Les premiers tiennent à la politique
intérieure israélienne. Israël, qui se pensait pauvre en ressources, disposait
avant ces découvertes d’une réglementation très favorable aux investissements
miniers et énergétiques. A l’annonce des découvertes, le gouvernement israélien
a remis sur la table sa politique de taxation des revenus gaziers, ce qui a été
ressenti par Noble et Delek comme une politique confiscatoire au vu de tous les
investissements réalisés par ces deux compagnies (2.5 milliards de dollarsdepuis 17 ans selon le PDG de Noble).
Une fois le débat sur la taxation tranché (Israël s’alignant
sur les standards internationaux en matière de taxation des revenus
pétroliers), la polémique s’est déplacée sur le problème du « monopole
gazier » : en effet, Delek et Noble, les compagnies qui ont réalisé
la quasi-totalité des investissements au large des côtes israéliennes ces vingt
dernières années, se sont retrouvées en situation de quasi-monopole sur le
marché israélien du gaz.

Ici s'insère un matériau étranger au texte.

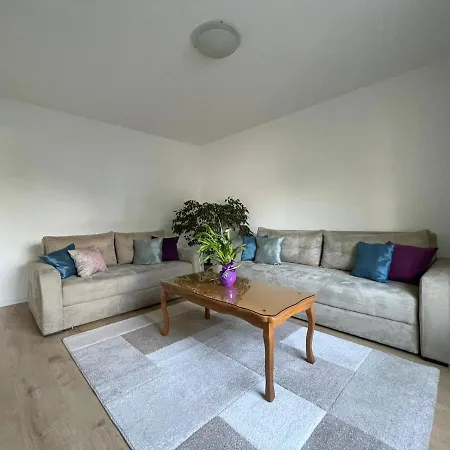 Sunny Garden Apartment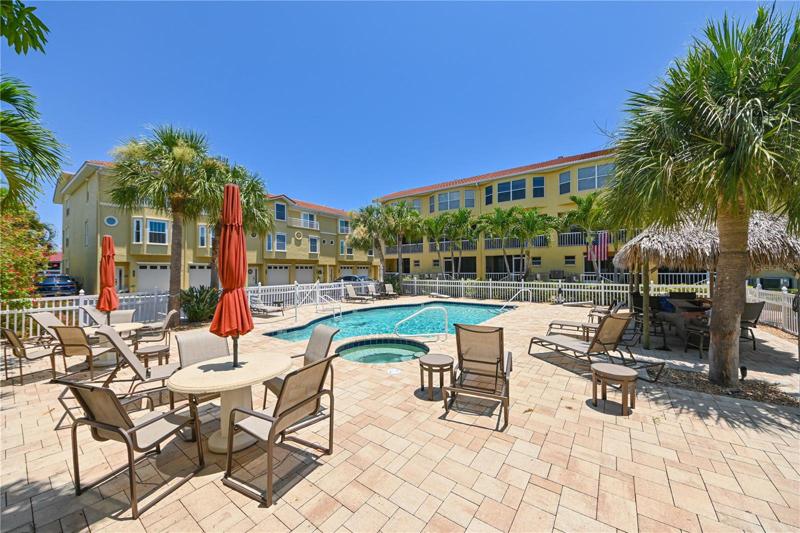 Community Pool & Spa & Cabana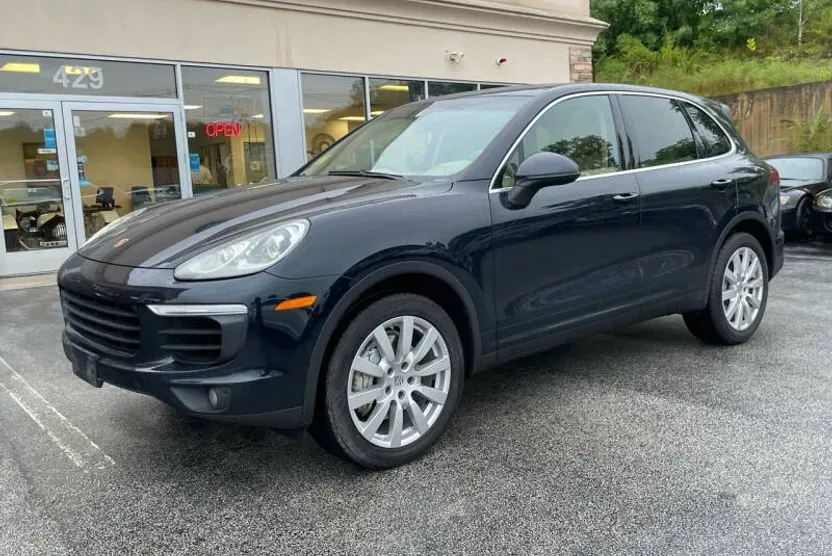2015 Porsche Cayenne S photo 1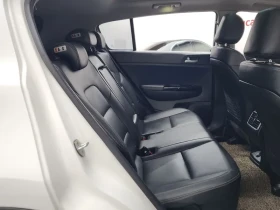 Kia Sportage 2.0 CRDi 4WD, снимка 12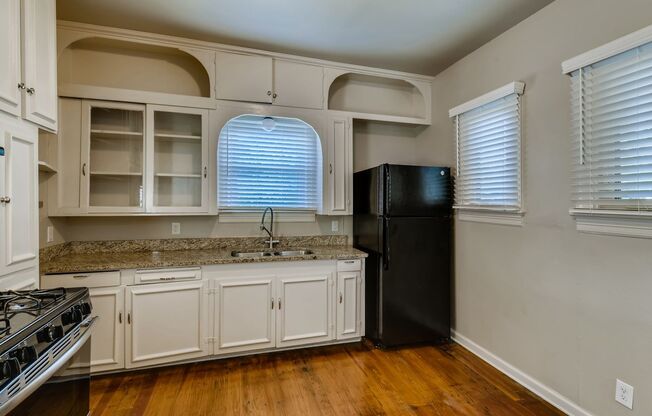 Minutes From Woodlawn Lake - 4 miles from Downtown San Antonio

Le gouvernement a donc conclu un « accord
gazier » en vertu duquel les deux compagnies seront obligées de céder une
part substantielle de leurs participations dans le champ Tamar.
La polémique a également
porté sur le prix de vente du gaz de Tamar aux producteurs d’électricité et
industriels israéliens, dénoncé par certains comme « excessif » au
regard des standards pratiqués dans les autres pays producteurs. En réalité, le
prix est certes élevé quand on le compare à celui pratiqué par des pays tels
que le Qatar ou l’Iran, mais il est proche de celui pratiqué par les autres paysavancés. Un prix du gaz trop peu cher peut s’avérer en outre un cadeau
empoisonné pour l’économie israélienne car c’est une désincitation à développer
la recherche sur les énergies alternatives et une subvention pour une source
d’énergie qui, bien que moins polluante que le charbon, reste émettrice de gaz
à effet de serre et donc nocive pour les générations futures. De plus, un prix
de gaz plus bas, c’est moins de recettes fiscales pour le gouvernement
israélien, donc moins de possibilités d’investir dans les services sociaux,
l’éducation etc, c’est aussi moins de ressources pour le fonds souverain
israélien, dont les investissements serviront les générations futures. Enfin,
les compagnies gazières ont besoin d’un niveau de prix suffisant pour
rentabiliser leurs investissements. Dans le cas contraire, c’est la sécurité
énergétique d’Israël elle-même qui pourrait s’en trouver compromise. L’exemple
de l’Egypte est lourd d’enseignements : une politique de prix de gaz très
bas dans les années 2000 a provoqué une augmentation forte de la demande et un
recul des investissements qui ont finalement conduit à une pénurie grave de gaz
en 2011 (année qui a vu la chute de Moubarak et les attaques sur les
installations gazières égyptiennes du Sinaï), dans un pays pourtant
exceptionnellement doté. Israël, qui importait alors du gaz égyptien, s’est d’ailleurs
trouvé obligé d’importer du charbon et du pétrole pour pallier l’interruption
des livraisons en provenance d’Egypte. Le gouvernement al-Sisi a alors relevé
les prix réglementés et fourni des incitations fiscales fortes aux
investisseurs, ce qui a débouché finalement sur la découverte du champ géant
Zohr par la compagnie italienne Eni en 2015. En matière de régulation des prix
et des incitations fiscales, il faut donc ne pas céder aux discours
simplificateurs et arbitrer de façon intelligente entre les intérêts
stratégiques à long terme du pays, ceux à court terme du consommateur, ceux du citoyen/contribuable
et enfin ceux des générations futures. L’épilogue du conflit opposant le
consortium Noble-Delek au gouvernement israélien a été le retoquage par la Cour
Suprême israélienne d’une clause dite de « stabilité » dans l’accord
gazier. Il semble que ce dernier blocage soit en passe d’être surmonté, ce qui
pourrait ouvrir la voie à la mise en service en 2019-2010 du champ de
Leviathan, sans cesse différée depuis 2010 en raison des blocages politiques.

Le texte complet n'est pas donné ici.